PROBLEM REQUIREMENTS » Could you reproduce, word for word, everything below from the line containing "Stainless steel ball valve" down to the line containing "Pantera Negra Definitiva #8 Página 1", with both of those lines included and no others?

Start of TASK MATERIAL

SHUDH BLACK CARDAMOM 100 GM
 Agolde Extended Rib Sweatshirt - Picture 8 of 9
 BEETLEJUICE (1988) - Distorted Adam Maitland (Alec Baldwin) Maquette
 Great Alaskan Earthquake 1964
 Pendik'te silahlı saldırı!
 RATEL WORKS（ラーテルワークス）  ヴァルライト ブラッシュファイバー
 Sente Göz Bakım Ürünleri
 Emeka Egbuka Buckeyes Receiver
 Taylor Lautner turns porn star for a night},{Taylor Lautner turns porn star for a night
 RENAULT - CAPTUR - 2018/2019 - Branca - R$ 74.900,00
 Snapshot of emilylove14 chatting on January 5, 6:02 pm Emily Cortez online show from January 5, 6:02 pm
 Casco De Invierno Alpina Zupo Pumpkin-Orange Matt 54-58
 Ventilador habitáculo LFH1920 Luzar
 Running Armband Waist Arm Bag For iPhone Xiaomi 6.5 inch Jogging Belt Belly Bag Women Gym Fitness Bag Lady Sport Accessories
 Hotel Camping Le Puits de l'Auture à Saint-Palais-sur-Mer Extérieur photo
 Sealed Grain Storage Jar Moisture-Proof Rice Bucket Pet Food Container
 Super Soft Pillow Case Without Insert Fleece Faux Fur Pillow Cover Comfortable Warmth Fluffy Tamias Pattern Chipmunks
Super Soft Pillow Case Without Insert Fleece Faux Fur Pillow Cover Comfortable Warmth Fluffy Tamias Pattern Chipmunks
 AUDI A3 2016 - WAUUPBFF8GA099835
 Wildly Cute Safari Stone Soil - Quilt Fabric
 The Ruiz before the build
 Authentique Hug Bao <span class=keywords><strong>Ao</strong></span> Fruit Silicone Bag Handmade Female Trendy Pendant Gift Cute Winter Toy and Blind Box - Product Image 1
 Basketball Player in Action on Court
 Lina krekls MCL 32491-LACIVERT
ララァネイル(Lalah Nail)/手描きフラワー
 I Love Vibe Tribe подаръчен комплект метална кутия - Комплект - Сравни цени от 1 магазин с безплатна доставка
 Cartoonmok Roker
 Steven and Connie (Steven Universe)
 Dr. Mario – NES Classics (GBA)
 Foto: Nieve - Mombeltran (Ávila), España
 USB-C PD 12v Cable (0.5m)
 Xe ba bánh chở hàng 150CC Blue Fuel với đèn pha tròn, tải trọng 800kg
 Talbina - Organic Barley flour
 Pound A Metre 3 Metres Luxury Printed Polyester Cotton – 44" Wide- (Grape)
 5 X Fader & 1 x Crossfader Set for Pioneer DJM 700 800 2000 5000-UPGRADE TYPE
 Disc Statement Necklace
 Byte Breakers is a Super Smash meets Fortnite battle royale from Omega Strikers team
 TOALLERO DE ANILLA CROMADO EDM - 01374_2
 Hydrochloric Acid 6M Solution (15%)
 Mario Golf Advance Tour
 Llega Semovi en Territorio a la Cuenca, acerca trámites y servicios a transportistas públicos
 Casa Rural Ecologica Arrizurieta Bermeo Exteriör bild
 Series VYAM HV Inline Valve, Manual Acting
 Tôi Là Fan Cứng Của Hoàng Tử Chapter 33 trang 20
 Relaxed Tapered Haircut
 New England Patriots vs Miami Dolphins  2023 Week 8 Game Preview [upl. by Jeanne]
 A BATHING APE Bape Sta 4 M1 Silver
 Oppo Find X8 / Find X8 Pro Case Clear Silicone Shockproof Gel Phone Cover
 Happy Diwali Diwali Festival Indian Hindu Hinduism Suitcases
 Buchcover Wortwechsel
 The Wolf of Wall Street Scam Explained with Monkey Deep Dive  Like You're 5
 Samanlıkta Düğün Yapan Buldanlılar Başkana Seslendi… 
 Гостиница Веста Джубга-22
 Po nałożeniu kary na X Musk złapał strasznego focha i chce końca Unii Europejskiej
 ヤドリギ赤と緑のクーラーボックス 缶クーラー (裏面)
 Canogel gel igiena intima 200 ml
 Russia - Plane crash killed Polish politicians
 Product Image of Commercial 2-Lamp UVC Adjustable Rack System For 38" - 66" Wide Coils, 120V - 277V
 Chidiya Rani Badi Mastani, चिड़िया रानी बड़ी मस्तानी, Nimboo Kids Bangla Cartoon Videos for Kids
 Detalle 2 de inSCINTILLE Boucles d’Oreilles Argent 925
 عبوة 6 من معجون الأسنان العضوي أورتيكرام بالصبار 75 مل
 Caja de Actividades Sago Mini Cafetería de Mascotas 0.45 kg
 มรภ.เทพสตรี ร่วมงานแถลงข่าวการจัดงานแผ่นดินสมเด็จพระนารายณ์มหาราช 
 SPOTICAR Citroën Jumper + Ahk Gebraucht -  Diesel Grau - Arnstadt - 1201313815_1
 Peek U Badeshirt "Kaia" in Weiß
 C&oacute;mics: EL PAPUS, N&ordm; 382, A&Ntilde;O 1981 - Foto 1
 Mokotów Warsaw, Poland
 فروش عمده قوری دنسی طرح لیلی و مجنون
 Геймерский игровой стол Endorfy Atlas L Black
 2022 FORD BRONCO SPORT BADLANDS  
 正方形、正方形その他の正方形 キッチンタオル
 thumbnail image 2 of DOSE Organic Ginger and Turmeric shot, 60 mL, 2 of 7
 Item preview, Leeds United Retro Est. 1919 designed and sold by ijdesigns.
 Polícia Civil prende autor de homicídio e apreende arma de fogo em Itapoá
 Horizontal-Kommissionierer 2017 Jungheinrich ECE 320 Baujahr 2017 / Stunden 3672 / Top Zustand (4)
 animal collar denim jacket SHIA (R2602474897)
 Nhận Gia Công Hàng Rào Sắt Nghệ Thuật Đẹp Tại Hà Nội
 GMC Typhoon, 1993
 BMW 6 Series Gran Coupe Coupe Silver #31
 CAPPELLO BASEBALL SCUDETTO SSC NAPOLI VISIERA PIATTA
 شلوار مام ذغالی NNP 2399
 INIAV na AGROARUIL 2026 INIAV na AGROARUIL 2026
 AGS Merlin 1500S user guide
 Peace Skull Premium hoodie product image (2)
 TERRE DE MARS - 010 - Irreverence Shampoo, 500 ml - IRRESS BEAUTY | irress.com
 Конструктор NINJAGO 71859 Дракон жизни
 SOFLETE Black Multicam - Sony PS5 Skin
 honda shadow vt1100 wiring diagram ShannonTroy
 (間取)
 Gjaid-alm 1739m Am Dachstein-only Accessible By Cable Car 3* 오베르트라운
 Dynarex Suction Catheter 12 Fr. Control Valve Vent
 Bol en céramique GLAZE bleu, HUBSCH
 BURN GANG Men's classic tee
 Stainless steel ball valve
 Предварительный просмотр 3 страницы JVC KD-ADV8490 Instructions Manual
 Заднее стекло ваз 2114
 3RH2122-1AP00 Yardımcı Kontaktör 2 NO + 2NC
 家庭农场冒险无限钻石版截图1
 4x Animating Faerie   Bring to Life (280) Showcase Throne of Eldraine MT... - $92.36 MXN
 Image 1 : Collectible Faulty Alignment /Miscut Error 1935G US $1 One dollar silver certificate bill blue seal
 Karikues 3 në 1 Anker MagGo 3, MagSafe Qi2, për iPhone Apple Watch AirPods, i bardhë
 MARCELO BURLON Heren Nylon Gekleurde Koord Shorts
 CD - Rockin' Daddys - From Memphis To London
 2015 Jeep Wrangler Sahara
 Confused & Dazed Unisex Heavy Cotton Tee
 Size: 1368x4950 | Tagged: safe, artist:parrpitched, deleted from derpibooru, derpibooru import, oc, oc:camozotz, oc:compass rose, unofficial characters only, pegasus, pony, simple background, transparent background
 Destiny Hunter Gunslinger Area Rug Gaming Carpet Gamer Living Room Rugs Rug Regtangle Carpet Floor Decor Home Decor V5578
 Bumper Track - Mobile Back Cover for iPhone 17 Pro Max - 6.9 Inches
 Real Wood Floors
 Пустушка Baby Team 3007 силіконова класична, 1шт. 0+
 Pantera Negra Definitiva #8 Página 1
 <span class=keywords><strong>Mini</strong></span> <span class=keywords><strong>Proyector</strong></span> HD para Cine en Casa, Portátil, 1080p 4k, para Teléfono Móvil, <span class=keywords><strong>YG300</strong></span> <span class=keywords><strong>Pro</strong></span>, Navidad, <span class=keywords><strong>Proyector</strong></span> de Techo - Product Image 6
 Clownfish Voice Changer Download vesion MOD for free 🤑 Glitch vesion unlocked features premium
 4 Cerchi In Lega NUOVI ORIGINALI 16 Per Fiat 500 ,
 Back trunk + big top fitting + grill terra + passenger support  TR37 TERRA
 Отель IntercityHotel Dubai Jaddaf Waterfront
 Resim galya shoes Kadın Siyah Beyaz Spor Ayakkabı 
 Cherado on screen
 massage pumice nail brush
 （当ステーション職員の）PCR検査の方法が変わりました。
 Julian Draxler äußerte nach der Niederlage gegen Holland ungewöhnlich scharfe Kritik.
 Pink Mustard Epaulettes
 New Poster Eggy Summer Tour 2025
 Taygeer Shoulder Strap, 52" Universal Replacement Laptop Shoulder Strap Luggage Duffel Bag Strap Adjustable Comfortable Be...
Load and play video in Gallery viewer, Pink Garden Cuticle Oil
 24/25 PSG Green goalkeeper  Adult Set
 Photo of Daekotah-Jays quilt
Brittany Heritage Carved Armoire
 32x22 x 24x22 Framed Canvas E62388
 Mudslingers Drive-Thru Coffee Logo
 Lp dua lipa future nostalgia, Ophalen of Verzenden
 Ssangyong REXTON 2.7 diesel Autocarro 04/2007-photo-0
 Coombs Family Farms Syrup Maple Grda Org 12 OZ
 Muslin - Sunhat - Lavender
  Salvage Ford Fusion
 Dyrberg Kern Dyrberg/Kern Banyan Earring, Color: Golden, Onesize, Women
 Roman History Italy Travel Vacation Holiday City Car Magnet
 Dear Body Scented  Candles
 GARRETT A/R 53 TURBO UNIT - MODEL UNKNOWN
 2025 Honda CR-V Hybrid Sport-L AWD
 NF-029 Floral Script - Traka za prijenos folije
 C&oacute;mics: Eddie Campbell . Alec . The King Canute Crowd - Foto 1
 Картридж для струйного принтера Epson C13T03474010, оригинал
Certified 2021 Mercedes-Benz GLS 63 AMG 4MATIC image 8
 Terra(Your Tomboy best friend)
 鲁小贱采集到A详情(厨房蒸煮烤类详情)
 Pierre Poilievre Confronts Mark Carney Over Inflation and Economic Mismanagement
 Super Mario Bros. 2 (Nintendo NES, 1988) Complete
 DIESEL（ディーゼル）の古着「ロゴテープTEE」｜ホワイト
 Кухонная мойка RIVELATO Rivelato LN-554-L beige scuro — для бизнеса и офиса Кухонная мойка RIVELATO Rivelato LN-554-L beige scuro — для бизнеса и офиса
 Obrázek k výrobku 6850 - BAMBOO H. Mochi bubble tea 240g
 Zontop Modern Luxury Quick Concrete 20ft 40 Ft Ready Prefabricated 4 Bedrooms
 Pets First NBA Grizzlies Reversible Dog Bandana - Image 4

End of TASK MATERIAL

WRITTEN ANSWER »
 Stainless steel ball valve
 Предварительный просмотр 3 страницы JVC KD-ADV8490 Instructions Manual
 Заднее стекло ваз 2114
 3RH2122-1AP00 Yardımcı Kontaktör 2 NO + 2NC
 家庭农场冒险无限钻石版截图1
 4x Animating Faerie   Bring to Life (280) Showcase Throne of Eldraine MT... - $92.36 MXN
 Image 1 : Collectible Faulty Alignment /Miscut Error 1935G US $1 One dollar silver certificate bill blue seal
 Karikues 3 në 1 Anker MagGo 3, MagSafe Qi2, për iPhone Apple Watch AirPods, i bardhë
 MARCELO BURLON Heren Nylon Gekleurde Koord Shorts
 CD - Rockin' Daddys - From Memphis To London
 2015 Jeep Wrangler Sahara
 Confused & Dazed Unisex Heavy Cotton Tee
 Size: 1368x4950 | Tagged: safe, artist:parrpitched, deleted from derpibooru, derpibooru import, oc, oc:camozotz, oc:compass rose, unofficial characters only, pegasus, pony, simple background, transparent background
 Destiny Hunter Gunslinger Area Rug Gaming Carpet Gamer Living Room Rugs Rug Regtangle Carpet Floor Decor Home Decor V5578
 Bumper Track - Mobile Back Cover for iPhone 17 Pro Max - 6.9 Inches
 Real Wood Floors
 Пустушка Baby Team 3007 силіконова класична, 1шт. 0+
 Pantera Negra Definitiva #8 Página 1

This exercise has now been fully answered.